Aujourd’hui, je sais. Gabin avait chanté ça dans les années 70 : je sais qu’on ne sait jamais. Sauf que moi, je ne suis pas Gabin et donc, je sais que parfois, on finit par savoir. Et concernant le sujet dont auquel il est propos dans ce billet, je sais qu’on aurait pu savoir fort de l’expérience de nos aînés, des miens en particulier et de mes fréquentations depuis toujours. Je n’en veux à personne de ne m’avoir rien dit mais quand même… Si j’aurais su…

Parce que par exemple, je sais que vieillir est contagieux : j’ai toujours eu des amis plus âgés que moi et voilà le résultat, je vieillis à vue d’œil, moi aussi et c’est une maladie génétique incurable. J’en veux pour preuve, la moins irréfutable : mes parents. Quand on s’est connus, eux et moi, ils avaient une vingtaine d’années et aujourd’hui, ils en ont 70 passés et ils m’ont transmis ça parce que moi, faites la soustraction et vous obtiendrez l’âge du capitaine.

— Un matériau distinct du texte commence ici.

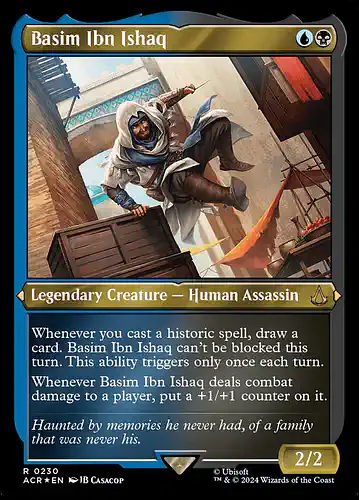 Basim Ibn Ishaq - acr Spoiler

Le temps qui passe est contagieux, lui aussi. Et de façon sournoise et diabolique. Parce que par exemple, les années passent et on n’en prend conscience que bien trop tard, quand les symptômes apparemment anodins se font de plus en plus malins. Les cernes sous les yeux qui accompagnent les rides. Je ne vais pas vous les énumérer tous, ça risquerait de plomber l’ambiance. Déjà que les jeunes qui vont lire ça s’exposent à une radiation de ma part…

Enfin, pour terminer, par exemple, les jours de la semaine aussi sont contagieux : le lundi, pour ne citer que lui, il vient toujours après le dimanche et on a beau vouloir y faire, on n’y peut rien. Et il n’existe aucun remède pour lutter contre ça. Et encore moi, je m’en sors bien, ce n’est pas le lundi qui me rend le plus malade, parce que je ne travaille pas le lundi. Mais le mardi, ouh la la, lui aussi il est super contagieux. Et c’est plus qu’un spam ou un cheval de Troie, c’est un virus à l’état pur. Brrr, ça fait froid dans le dos.